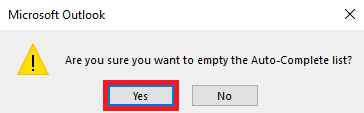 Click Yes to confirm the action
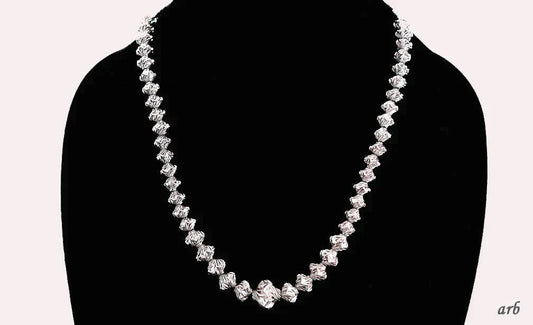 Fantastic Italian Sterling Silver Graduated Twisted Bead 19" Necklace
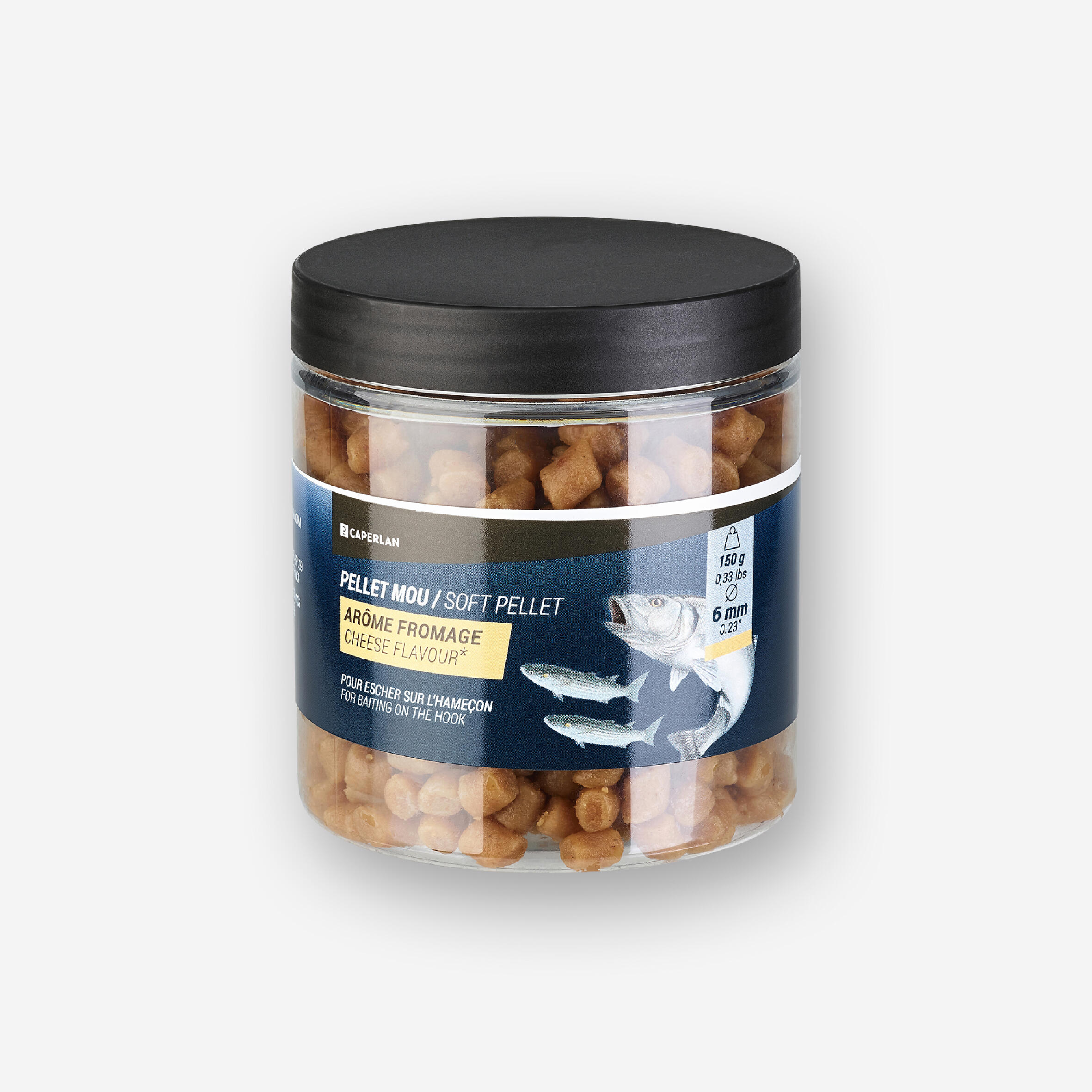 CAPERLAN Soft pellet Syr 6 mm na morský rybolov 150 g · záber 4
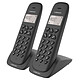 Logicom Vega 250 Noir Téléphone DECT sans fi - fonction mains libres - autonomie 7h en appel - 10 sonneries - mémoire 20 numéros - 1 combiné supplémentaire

→ **ACTIVITY**
All lines from the line with "CAPERLAN Soft pellet" through the final line of the listing are to be printed exactly, both ends included; the pictures are not.

→ **RESPONSE AREA**
 CAPERLAN Soft pellet Syr 6 mm na morský rybolov 150 g · záber 4
 Logicom Vega 250 Noir Téléphone DECT sans fi - fonction mains libres - autonomie 7h en appel - 10 sonneries - mémoire 20 numéros - 1 combiné supplémentaire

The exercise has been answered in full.